[Records from a data collection]
- - - - -
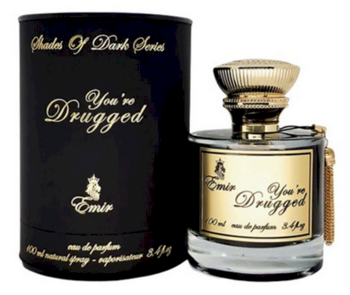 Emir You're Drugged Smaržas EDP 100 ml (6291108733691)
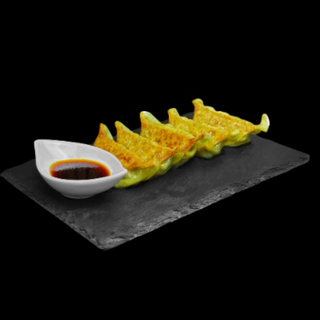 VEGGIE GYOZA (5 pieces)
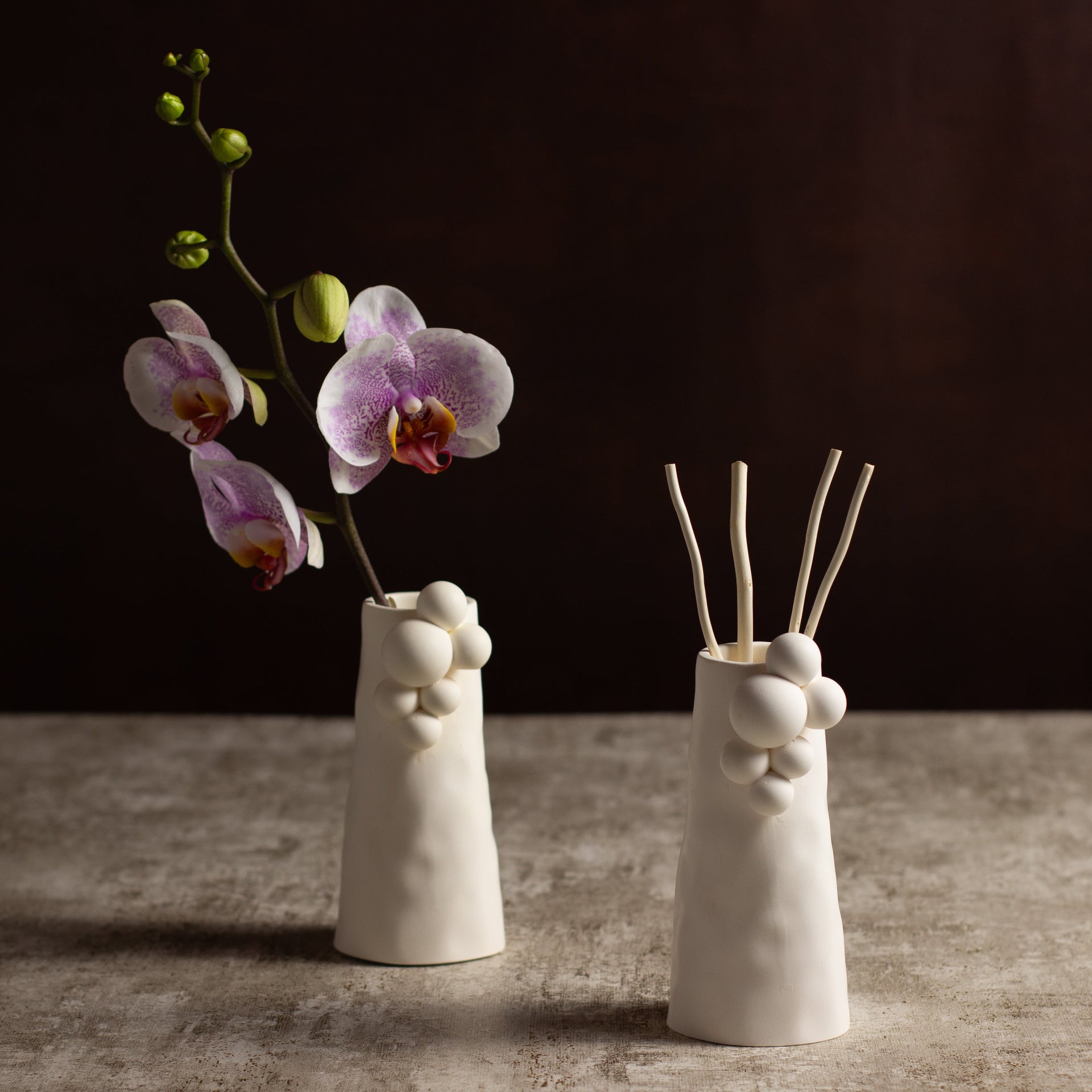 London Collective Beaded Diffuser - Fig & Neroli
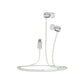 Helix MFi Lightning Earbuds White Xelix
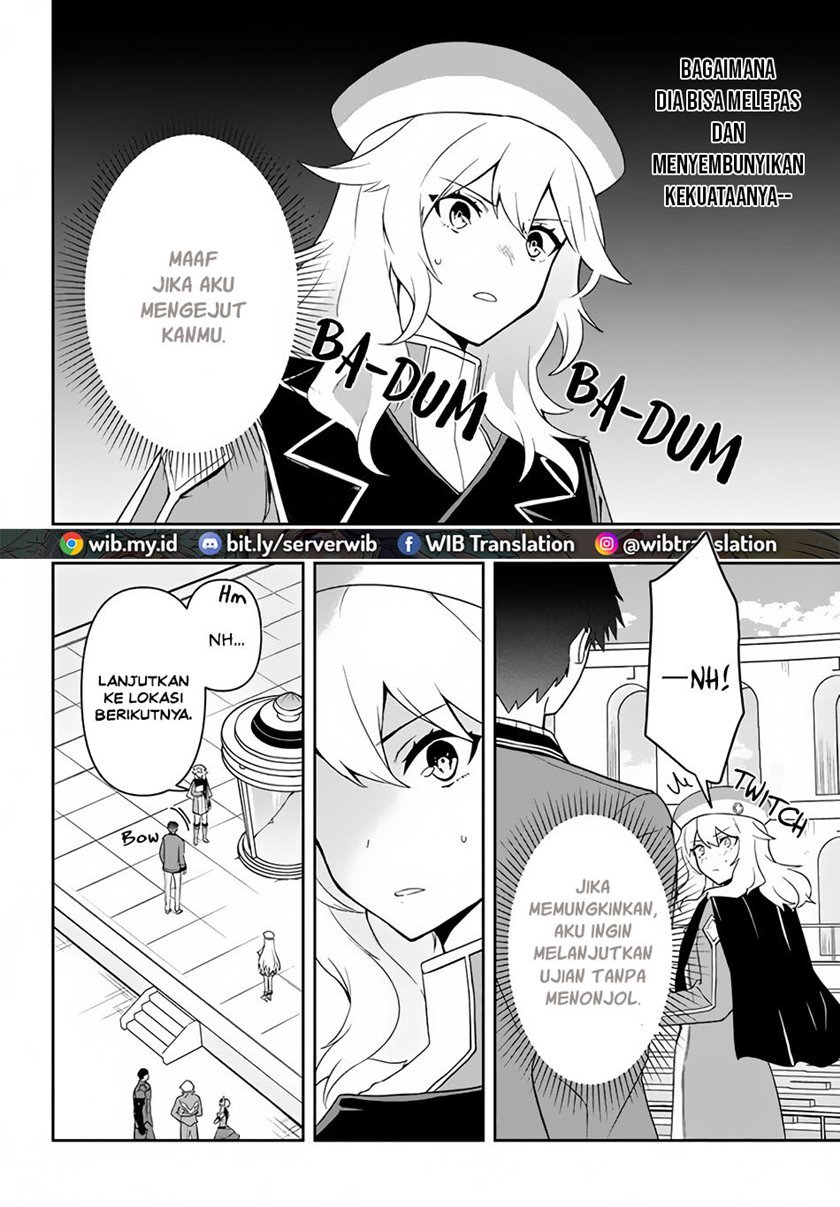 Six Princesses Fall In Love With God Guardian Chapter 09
- - - - -
Transcribe every entry word for word, excluding images.

■ Completed exercise
 Emir You're Drugged Smaržas EDP 100 ml (6291108733691)
 VEGGIE GYOZA (5 pieces)
 London Collective Beaded Diffuser - Fig & Neroli
 Helix MFi Lightning Earbuds White Xelix
 Six Princesses Fall In Love With God Guardian Chapter 09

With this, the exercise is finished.